A Enclave, como já reconhecemos, não escapa à sua natureza millennial. Há vantagens, como saber desinstalar tudo o que desacelera um Windows praticamente por instinto. E há desvantagens, como a falta de contato direto com elementos culturais renegados pela crítica.

Volta e meia, elementos assim – como o cantor Paulo Sérgio – são redescobertos pela internet, e então novas gerações se surpreendem, resgatam e reinterpretam o adormecido. Tratamos de algo parecido quando escrevemos sobre o city pop.

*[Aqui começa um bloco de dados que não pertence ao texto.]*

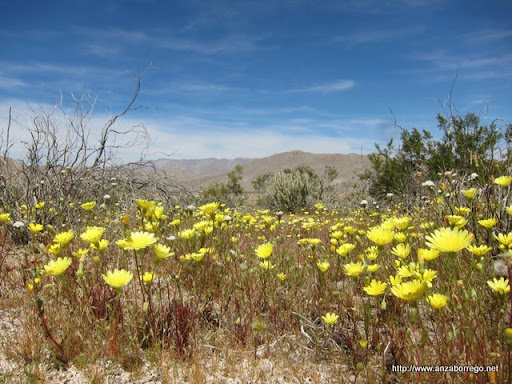 Desert Dandelion - Anza Borrego Desert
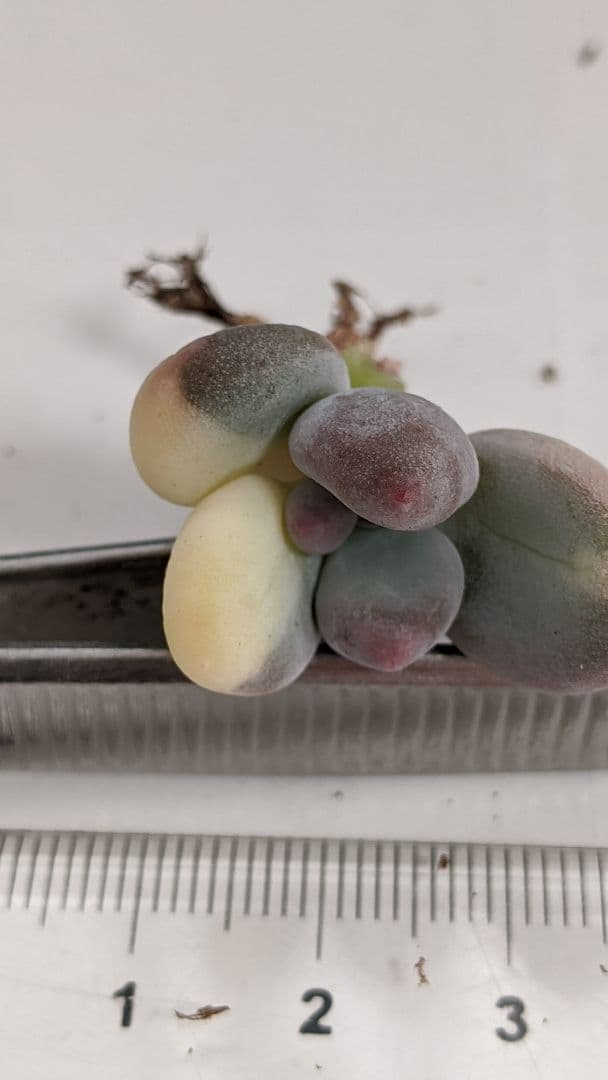 おれんおれん様❤確認ページ❤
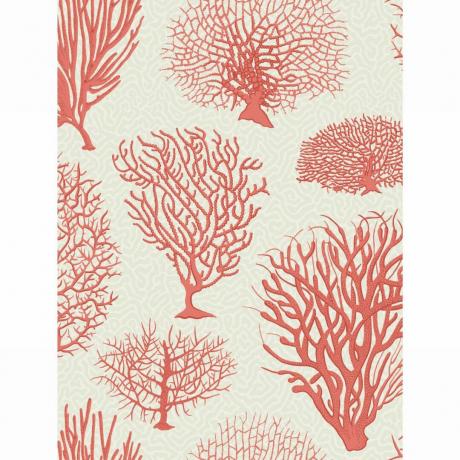 růžové korálové tapety tvoří John Lewis a partneři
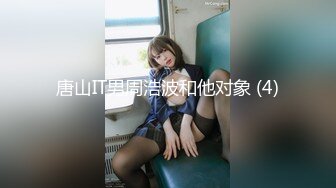 亚洲女仆在肮脏的铁杆中尝试两只公鸡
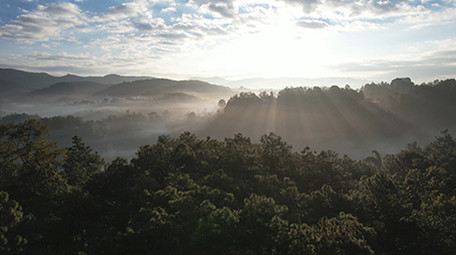 航拍5K自然森林早晨大山风光视频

Em uma dessas mixtapes difíceis de mapear por que exatamente surgem nas recomendações do YouTube, conheci Paulo Sérgio, o cantor. Brega, romântico, popular. Morreu precocemente, aos 36, vítima de um derrame cerebral – há exatos 40 anos e 10 dias de quando escrevemos este texto. Tinha lá suas polêmicas.

Inegavelmente parecido com Roberto Carlos, foi comparado com o rei e tachado de imitador. Quando finalmente se conheceram, em 1973, deram-se muito bem – ao menos na frente das câmeras.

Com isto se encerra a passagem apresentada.